▸ WHAT THE TASK ASKS
Each word in the data below should be copied exactly; the images should not.

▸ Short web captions
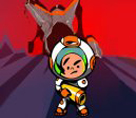 Cesur Astronot 2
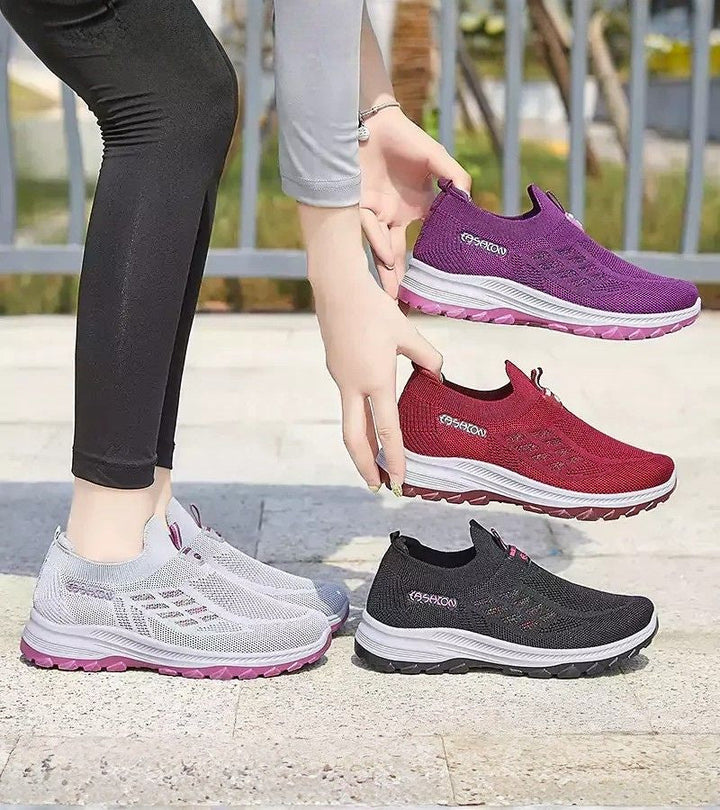OrthoCare | Scarpe Grip Invisibile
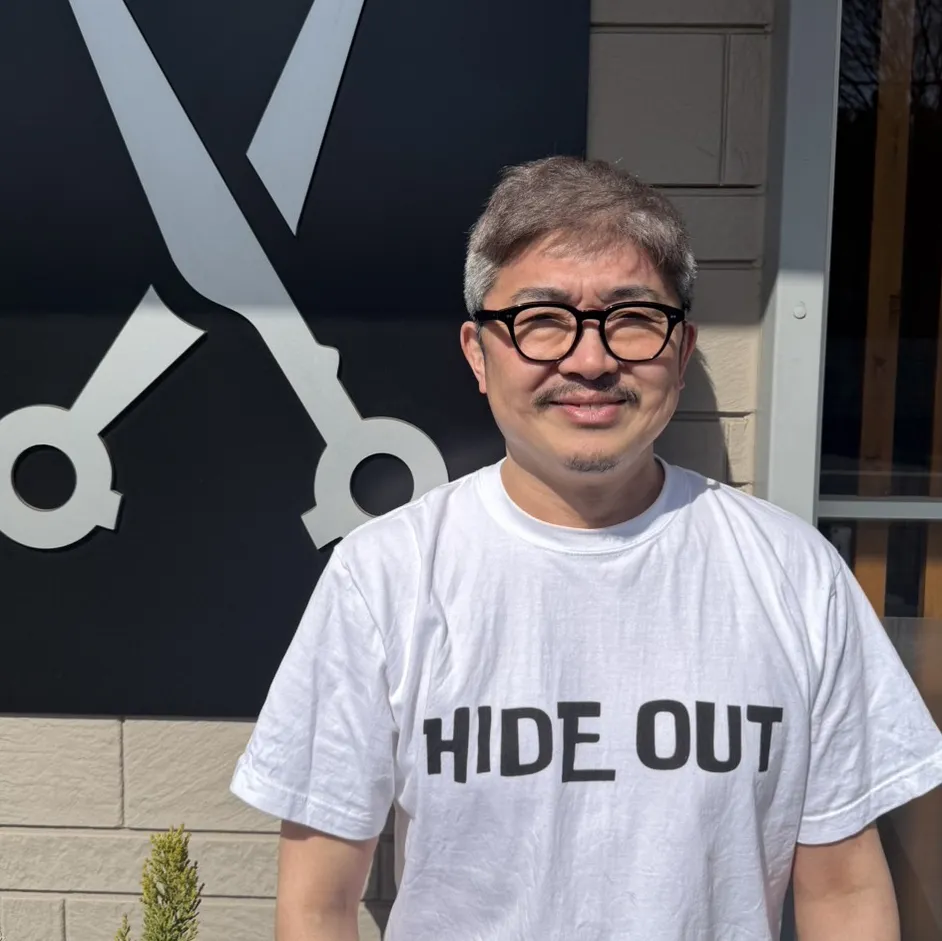 代表 水上洋平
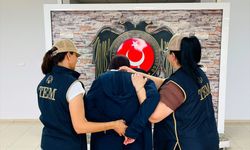 Malatya'da 3 FETÖ hükümlüsü yakalandı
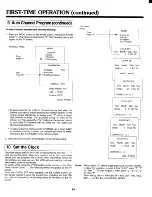 Предварительный просмотр 15 страницы Toshiba M461 Owner'S Manual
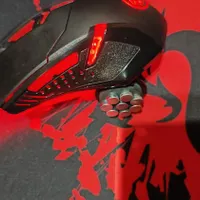موس گیمینگ Redragon
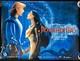 Pocahontas Original Quad Movie Poster Walt Disney 1995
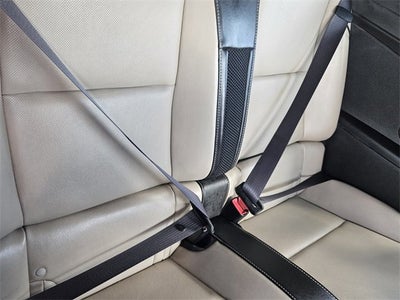 2011 Chevrolet Camaro 2LT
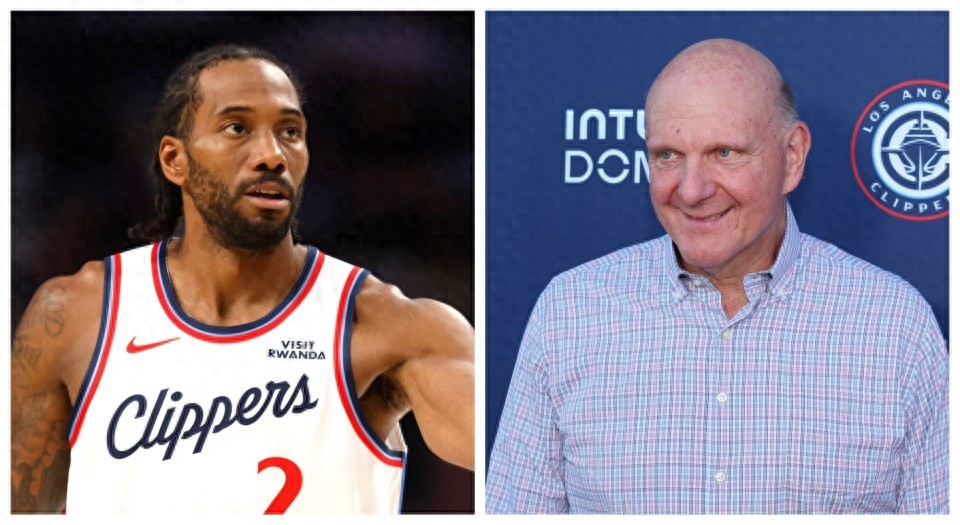 Tương lai của LA Clippers có thể lấy lại một phần số lượt chọn vòng một? Danh ký chỉ rõ cuộc điều tra chưa kết thúc: cũng có thể bị phạt nặng hơn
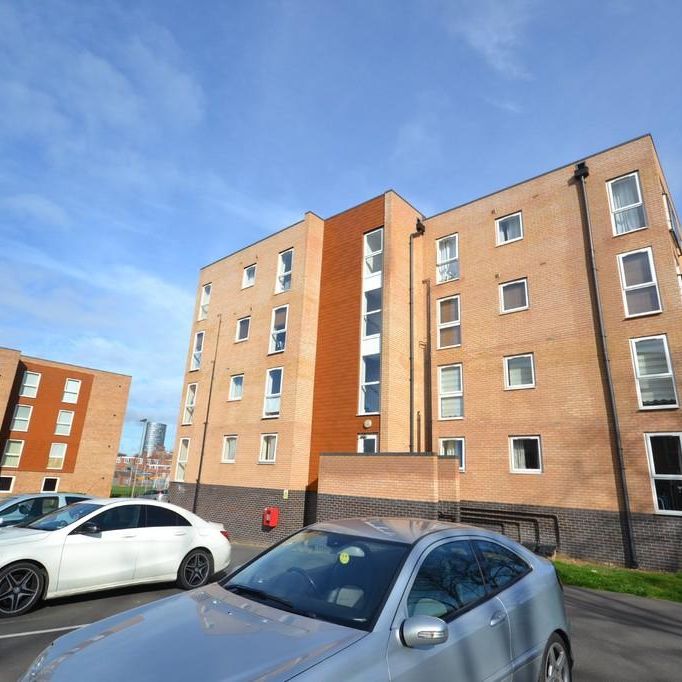 2 bedroom apartment to rent - Photo 1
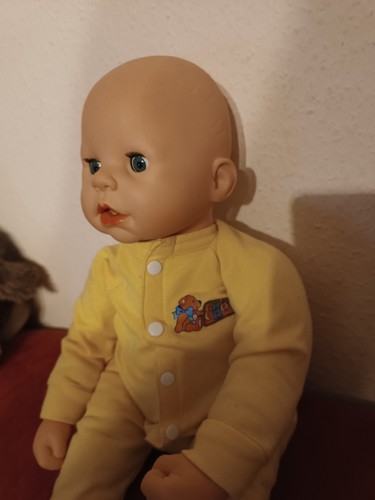 Sammlerpuppen - ,
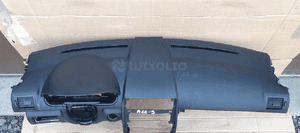 Konsola poduszki pasy sensor AirBag Mercedes A-Klasa W169 2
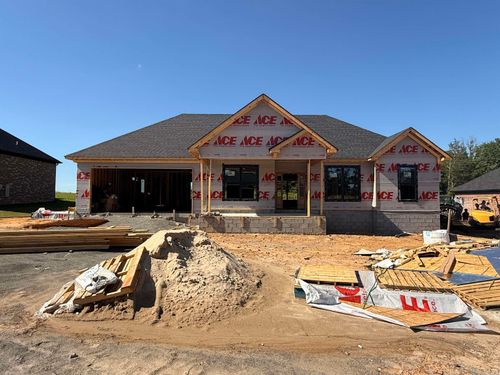 116 Michael Drive, Beebe, AR, 72012 | Card Image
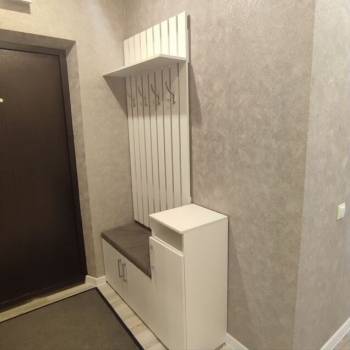 Сдается 1-комнатная квартира, 37 м²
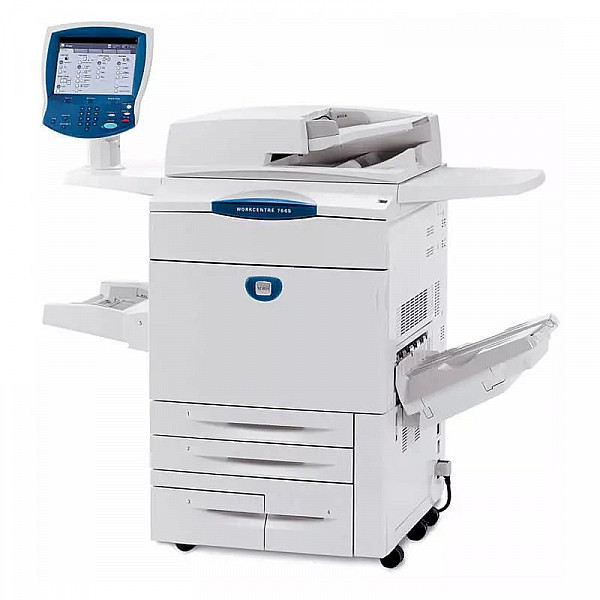  Xerox WorkCentre 7765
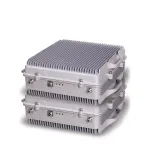 High Quality GSM900&LTE1800 Dual Band Selective RF Repeater Original Manufacturer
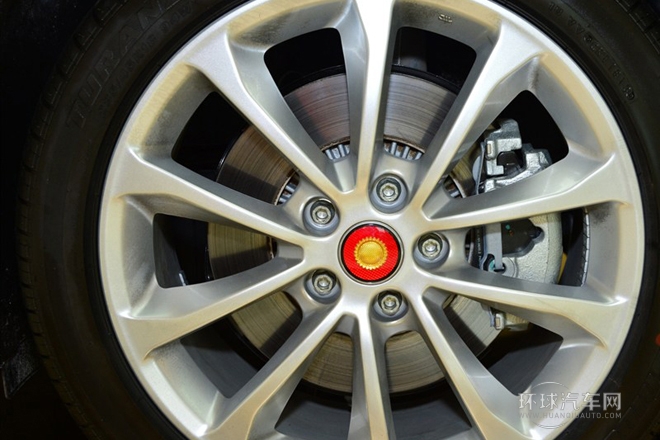 2013款 2.0T 技術型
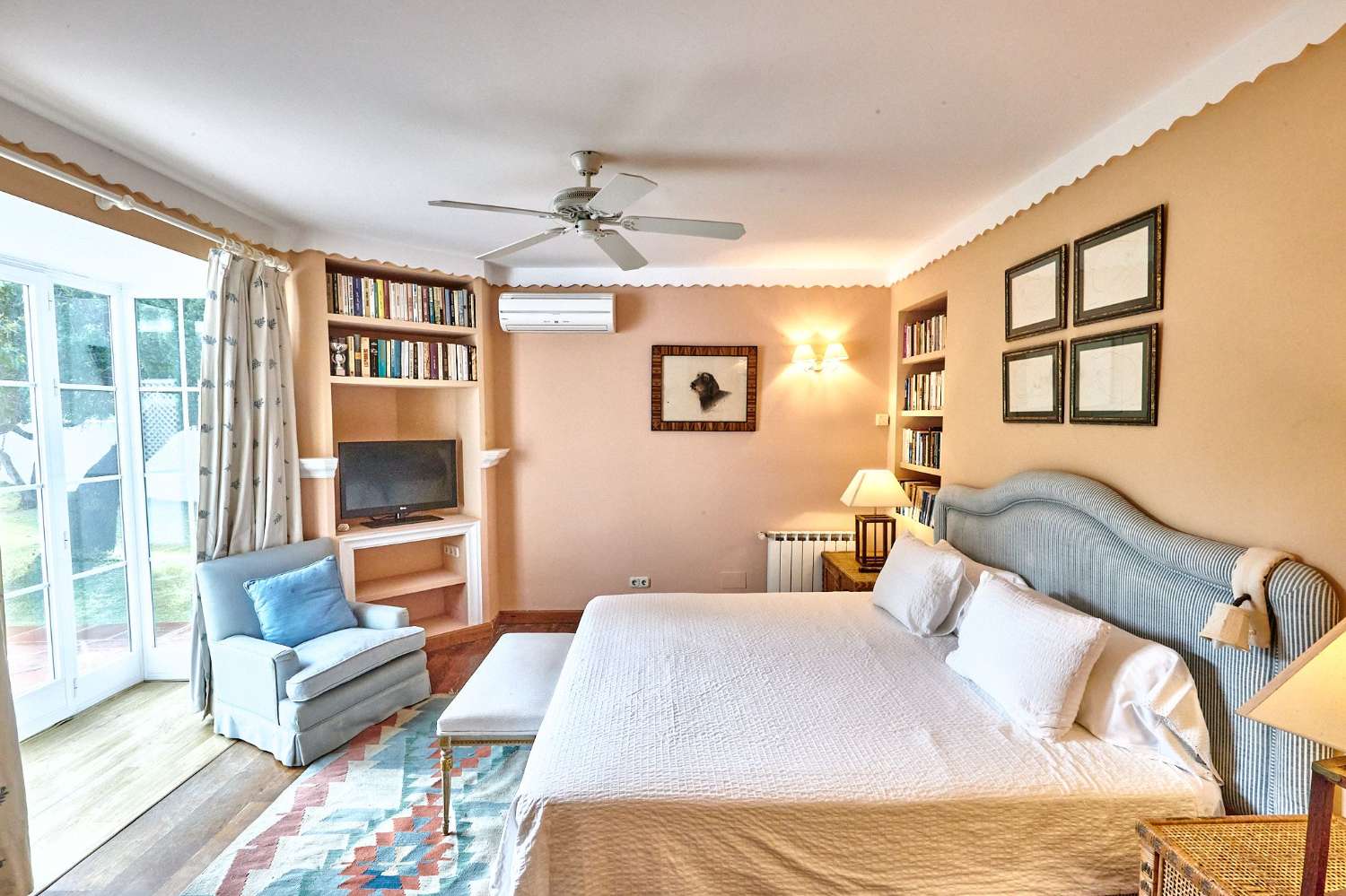 Freistehende Villa zum Verkauf in Casasola, Estepona, Guadalmina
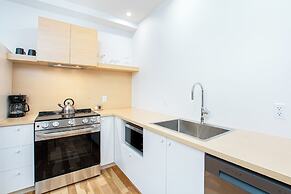 Les Lofts de Vitré - Par Les Lofts Vieux-Québec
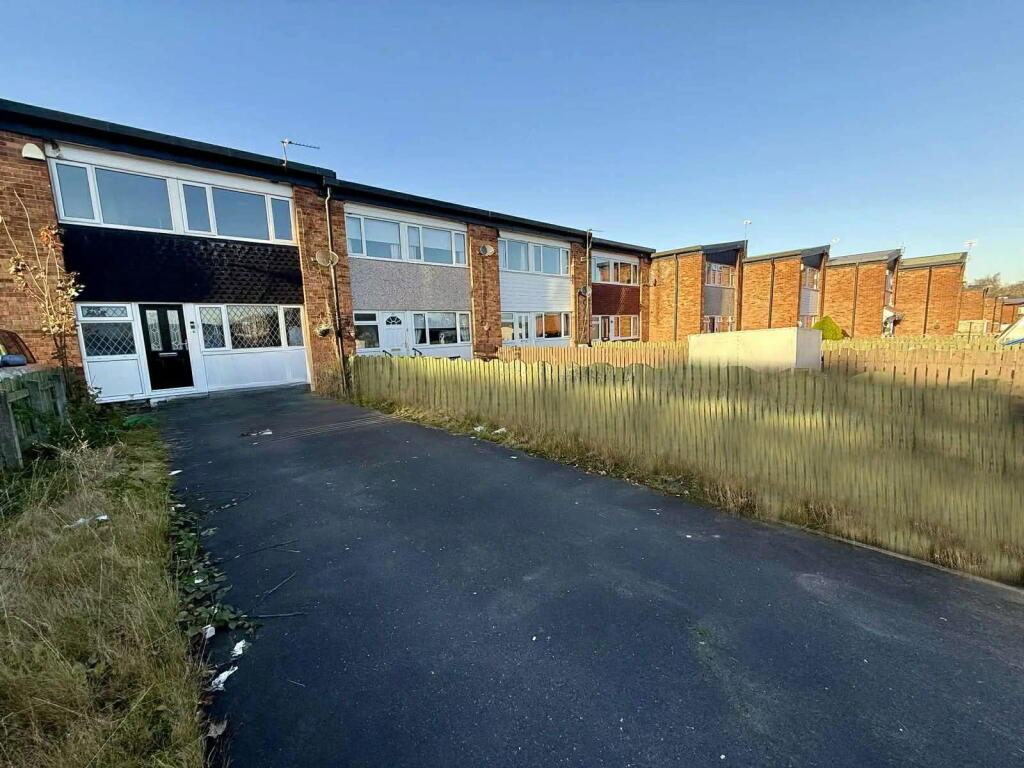 Main image of property: Mesnes Avenue, Wigan, WN3 5TL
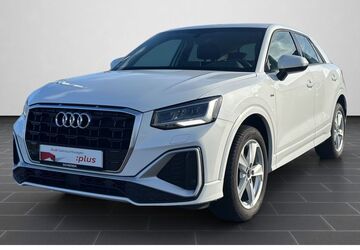 Audi Q2 31.746 km 24.480 &euro; Mayen 56727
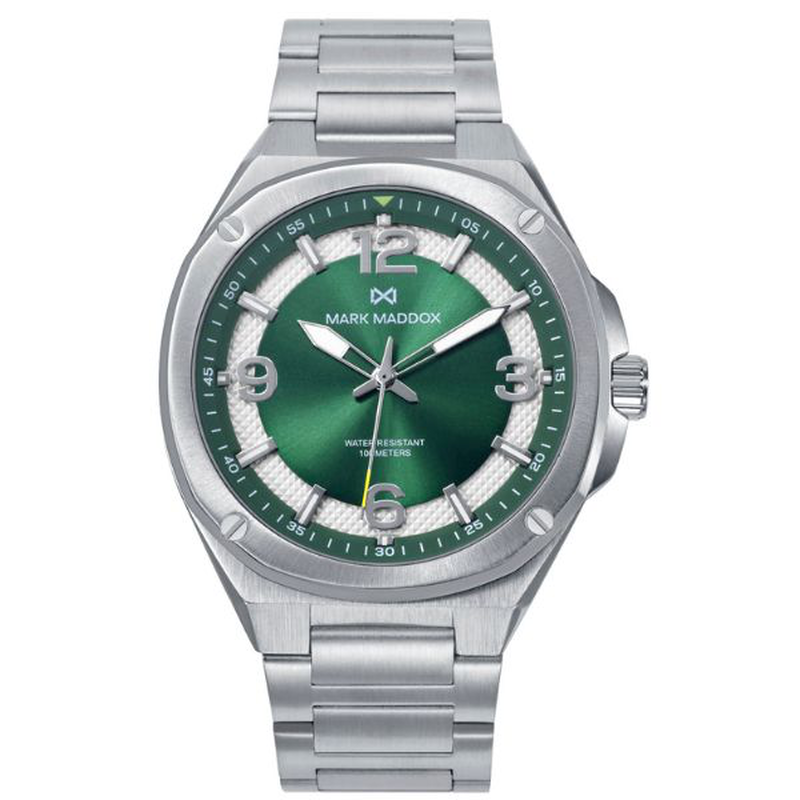 Mark maddox mission s/s men watch, , medium image number null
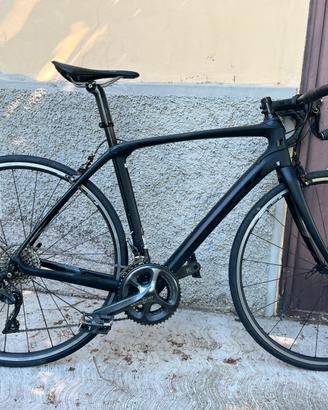 Trek Domane SLR anno 2016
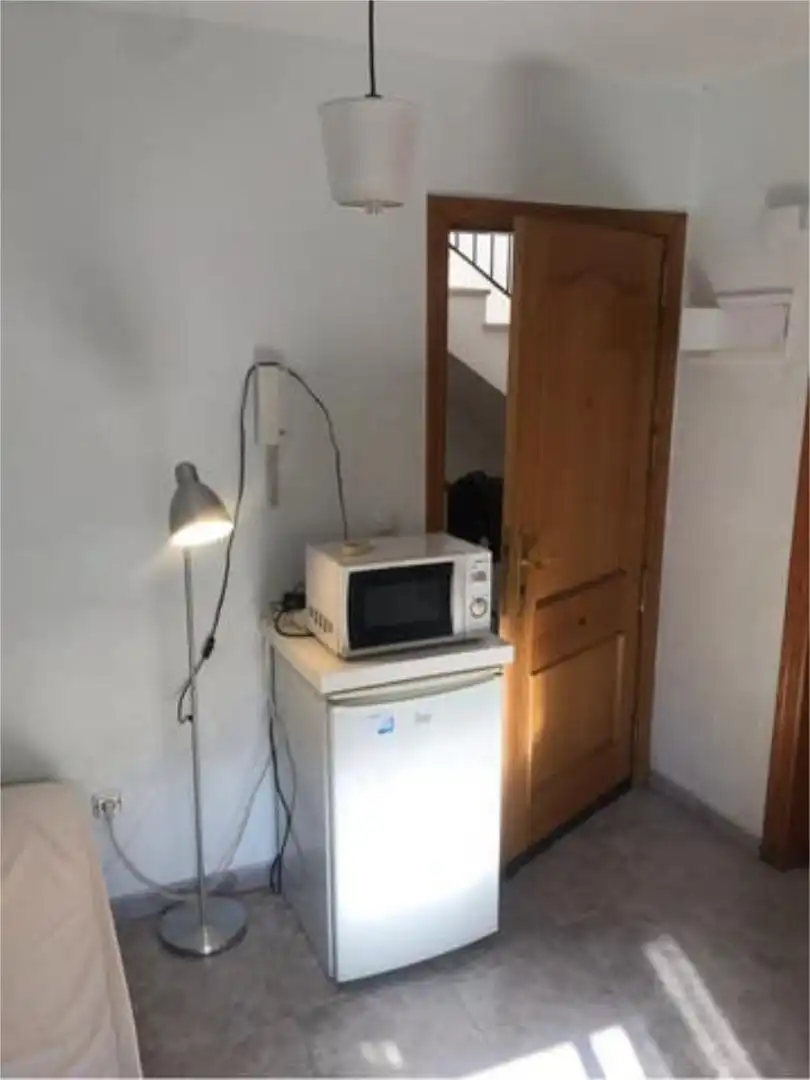 Pis de 21 m² a Múrcia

▸ RESPONSE TO THIS EXERCISE
 Cesur Astronot 2
OrthoCare | Scarpe Grip Invisibile
 代表 水上洋平
 Malatya'da 3 FETÖ hükümlüsü yakalandı
 Предварительный просмотр 15 страницы Toshiba M461 Owner'S Manual
موس گیمینگ Redragon
 Pocahontas Original Quad Movie Poster Walt Disney 1995
 2011 Chevrolet Camaro 2LT
 Tương lai của LA Clippers có thể lấy lại một phần số lượt chọn vòng một? Danh ký chỉ rõ cuộc điều tra chưa kết thúc: cũng có thể bị phạt nặng hơn
 2 bedroom apartment to rent - Photo 1
 Sammlerpuppen - ,
 Konsola poduszki pasy sensor AirBag Mercedes A-Klasa W169 2
 116 Michael Drive, Beebe, AR, 72012 | Card Image
 Сдается 1-комнатная квартира, 37 м²
  Xerox WorkCentre 7765
 High Quality GSM900&LTE1800 Dual Band Selective RF Repeater Original Manufacturer
 2013款 2.0T 技術型
 Freistehende Villa zum Verkauf in Casasola, Estepona, Guadalmina
 Les Lofts de Vitré - Par Les Lofts Vieux-Québec
 Main image of property: Mesnes Avenue, Wigan, WN3 5TL
 Audi Q2 31.746 km 24.480 &euro; Mayen 56727
 Mark maddox mission s/s men watch, , medium image number null
 Trek Domane SLR anno 2016
 Pis de 21 m² a Múrcia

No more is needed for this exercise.